СОФИЯ. Не говори так, не говори так, ты искажаешь смысл своего молчания. (Одновременно разматывая длинную красную ленту с груди Эстер.) Ты попираешь чувство достоинства тех неудачников, которым удается построить царство там, где другие способны только мусорить. Я помню, как ты сказала…
ЭСТЕР. Я не знаю, кто я. Наверное, я сбилась с пути.
СОФИЯ (наматывая ленту на тело Эстер). Я смотрела, как ты мечешься в своей шелковой сети, подыскивая для нас слова оправдания и утешения. Напрасный труд. Лучше снова сделай тот незаметный, молчаливый, но такой выразительный жест, которым ты назначила самой себе первое свидание.

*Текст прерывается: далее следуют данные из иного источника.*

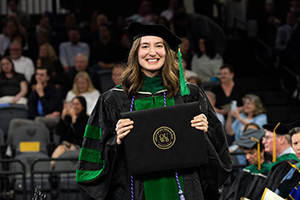 A new grad holds up her degree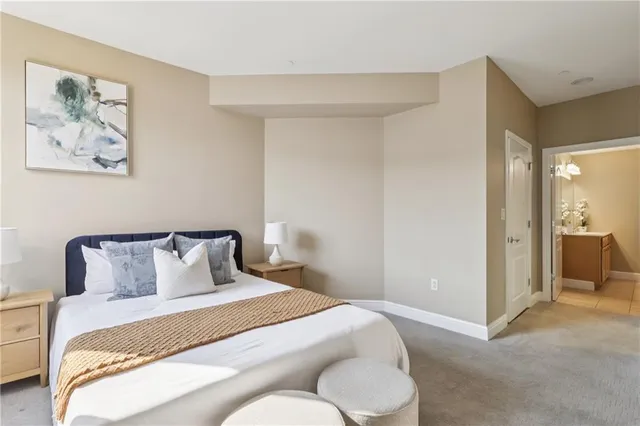 a bathroom with a sink mirror toilet and bathtub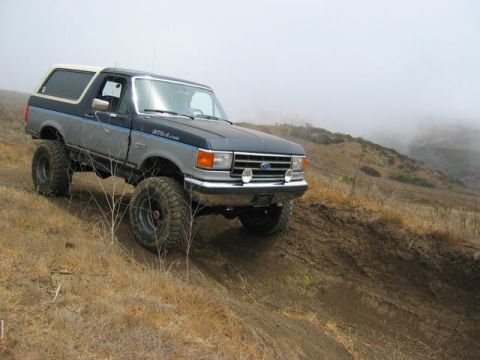 1989 Ford Bronco - This lifted Ford Bronco is navigating a steep, dusty trail on a foggy day.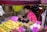 A street vendor is sitting at a small fruit stall, surrounded by colorful fruits such as mangoes, dragon fruits, and longans. The vendor is wearing a pink shirt and appears to be checking a mobile phone. Handwritten price tags are displayed prominently on the fruits.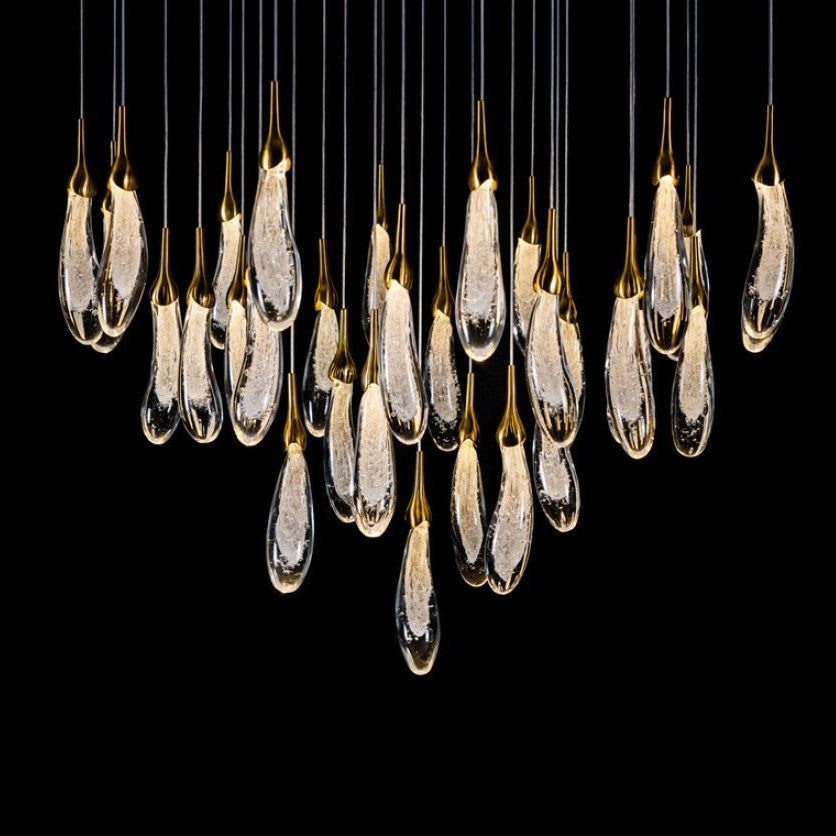 A hand-formed glass pendant light with a silver top, glowing from within, suspended from a cable.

Одним движением Эстер сбрасывает с себя ленту. Остальные женщины хлопают ей. Искрометный ритм «Ча-ча-ча» наполняет сцену. Женщины танцуют, следуя выверенной хореографии, до тех пор, пока музыка не прерывается и белый свет не выхватывает фигуру мадам Козетты. Остальные продолжают двигаться в танце без музыки.
МАДАМ КОЗЕТТА. Откуда я знаю, кто пустил этот слух? Пустил и пустил. Приходили женщины, девушки, много девушек. Всех возрастов. Каких только не было. И каждая делилась своей историей, хотела забыть о пережитом, залечить полученную рану. Мы так и не выясняли, правы они или нет. Истина частенько оказывается глухонемой, не так ли? Я всегда летала очень низко, осторожничала. Но у меня все равно кружилась голова. И вот в один прекрасный день — раз! И я обрела это чувство, примерила его на себя. Даже не знаю, с чем это сравнить… (Смеется.) Это чувство достоинства, люди, достоинства….
Снова звучит музыка. Мадам Козетта присоединяется к танцу. Мелодия затихает. Целиком поглощенная действием, Агнесс шлет воздушные поцелуи направо и налево, не замечая, что сцена закончилась, а свет стал более тусклым. Она остается на сцене одна.
Пауза.
АГНЕСС. Где вы? Где вы? Вы не должны выключать свет! Вы же знаете, что в темноте у меня болят глаза!.. У меня болят глаза…
Агнесс несмело затягивает песенку, словно вспоминает о чем-то плохом. Ее движения и голос призваны передать акт насилия. Она снимает с себя одно платье и остается в другом, черном. Агнесс прикрывает рот рукой, и звук песни перерастает в крик. Она оголяет плечи. Этот жест отражает всю ее хрупкость.
МАДАМ КОЗЕТТА (сидя за столиком в глубине сцены). Иногда я спрашиваю себя, как можно пережить всю эту черноту. А потом смотрю на тебя, такую ясную и приветливую. Ты сидишь и смотришь на мир из своего окна. Ты не должна была этого делать, в этом не было необходимости!
АГНЕСС. Это всего лишь мизансцена.
МАДАМ КОЗЕТТА. Иногда я спрашиваю себя, как можно пережить все это. А потом смотрю на тебя… Я всегда смотрю на тебя, когда мне нужна надежда. (Пауза.)
АГНЕСС. Ты споешь эту песню, правда?
МАДАМ КОЗЕТТА. Да, наверное…
АГНЕСС. Спой мне еще разок.
Мадам Козетта раскрывает свой веер и поет. Входит Анна и начинает ей подпевать. Она поет, чтобы поддержать ее. Иви врывается в эту сцену и прерывает песню. В руках у нее простыня.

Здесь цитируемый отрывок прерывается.